Het Amsterdamse college heeft zich een uitermate ambitieus bouwprogramma ten doel gesteld: 7.500 woningen per jaar tot en met 2024. De nadruk in de nieuwe projecten verschuift naar woningbouw voor mensen met een laag of gemiddeld inkomen. Maar het ferme eisenpakket uit het linkse coalitieakkoord is niet meer in beton gegoten. Ongeveer de helft van de geplande productie zit in het betaalbare segment.

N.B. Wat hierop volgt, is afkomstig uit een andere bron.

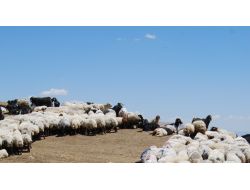 Batman'da Hayvan Sevkıyatında Uyulması Gereken Kurallar Açıklandı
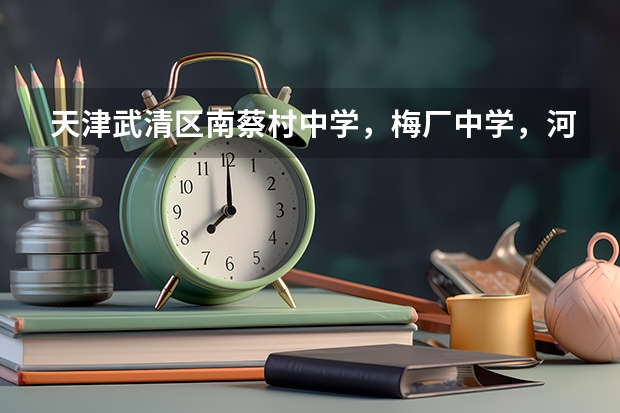 天津武清区南蔡村中学，梅厂中学，河西务中学，英华普通班哪个教学质量更好一些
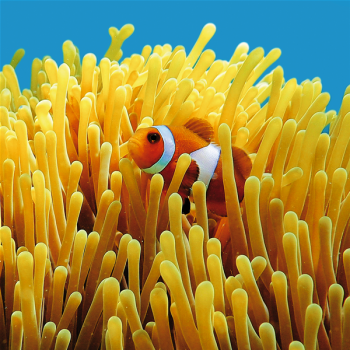Pintura NEMO G1546 PINTDECOR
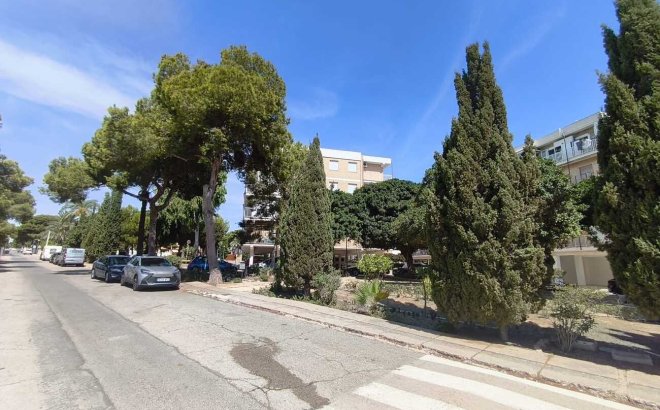 Revente - Apartment Penthouse -
Punta Prima - Costa Blanca
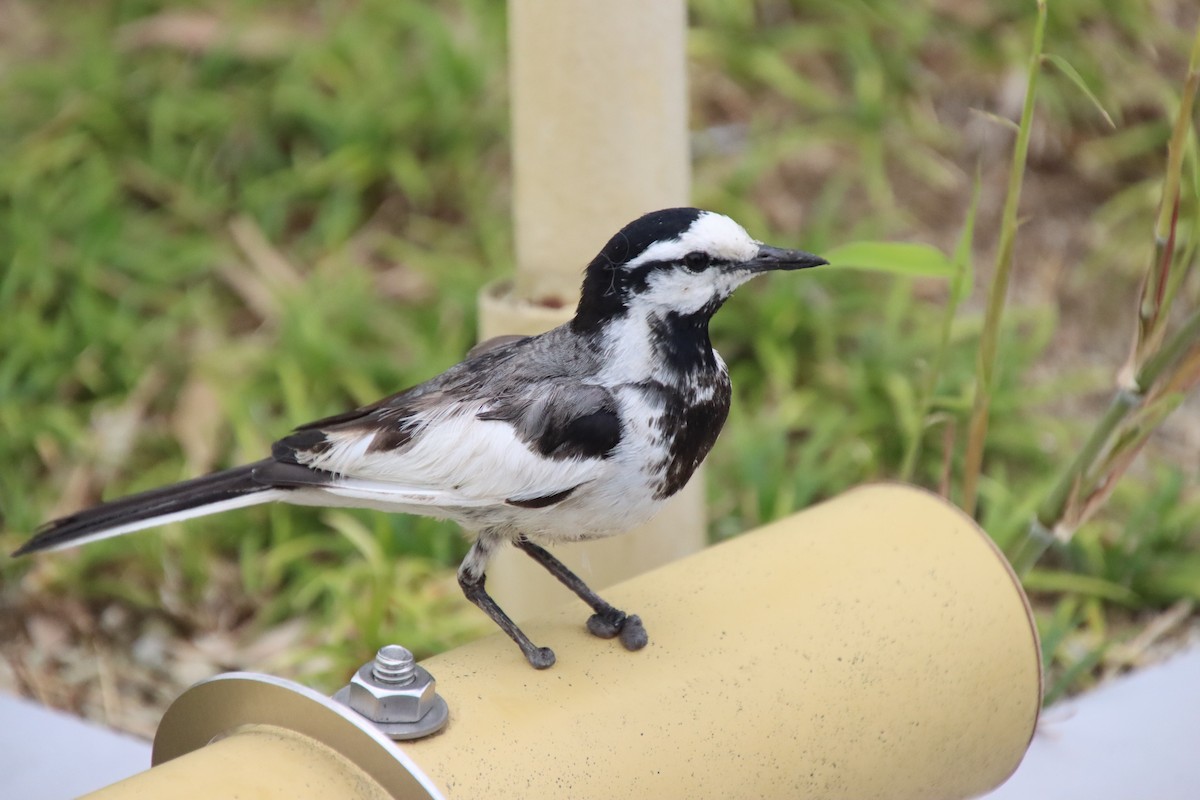 White Wagtail - ML620611983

Bouwwethouder Laurens Ivens van Amsterdam heeft de ambitieuze productiedoelstellingen van het nieuwe college vertaald in een concreet woningbouwprogramma voor de periode 2018-2025. In die periode wil het college gemiddeld 7.500 woningen per jaar in aanbouw nemen, historisch gezien een piekproductie. Ivens: "Wij zijn er klaar voor om deze historisch hoge nieuwbouwaantallen te realiseren, hopelijk zijn er ook voldoende bouwvakkers te vinden en gaat het Rijk ook meehelpen.”
Dat laatste zal nodig zijn want de Amsterdamse woningcorporaties - ingepland voor een derde van de productie - worden door het oplopen van allerlei heffingen steeds verder afgeknepen door het kabinet. Daar bovenop wil het college de verkoop van corporatiewoningen een halt toeroepen. Directeur Egbert de Vries van de AFWC heeft in een eerste reactie al laten weten dat de Amsterdamse corporaties financieel niet in staat zijn de geplande 2.500 sociale corporatiewoningen per jaar te bouwen als de heffingen maar blijven stijgen.
Die 2.500 is overigens de 'planvoorraad'. Directeur Pierre van Rossum van Grond & Ontwikkeling gaat er van uit dat daarvan 75 procent wordt gerealiseerd. Dat zijn 1.825 sociale corporatiewoningen, inclusief studentenwoningen. Dat klinkt al iets behapbaarder dan 2.500, maar komt nog altijd hoger dan de sociale productie van de corporaties de afgelopen jaren. Die kwam uit op 1.308 (2017) en 1.251 in 2016.

 


Amsterdam mikt tot 2025 op een historisch hoge bouwproductie met 7.500 woningen per jaar
 

Planvoorraad versus productie

De Amsterdamse planvoorraad bestaat uit 73.093 woningen in de periode tot 2025. Belangrijke bouwlocaties zijn het Amstelkwartier, de Sluisbuurt, Buiksloterham, Elzenhagen, Riekerhaven, Sloterdijk, Amstel III en Geuzenveld-Slotermeer.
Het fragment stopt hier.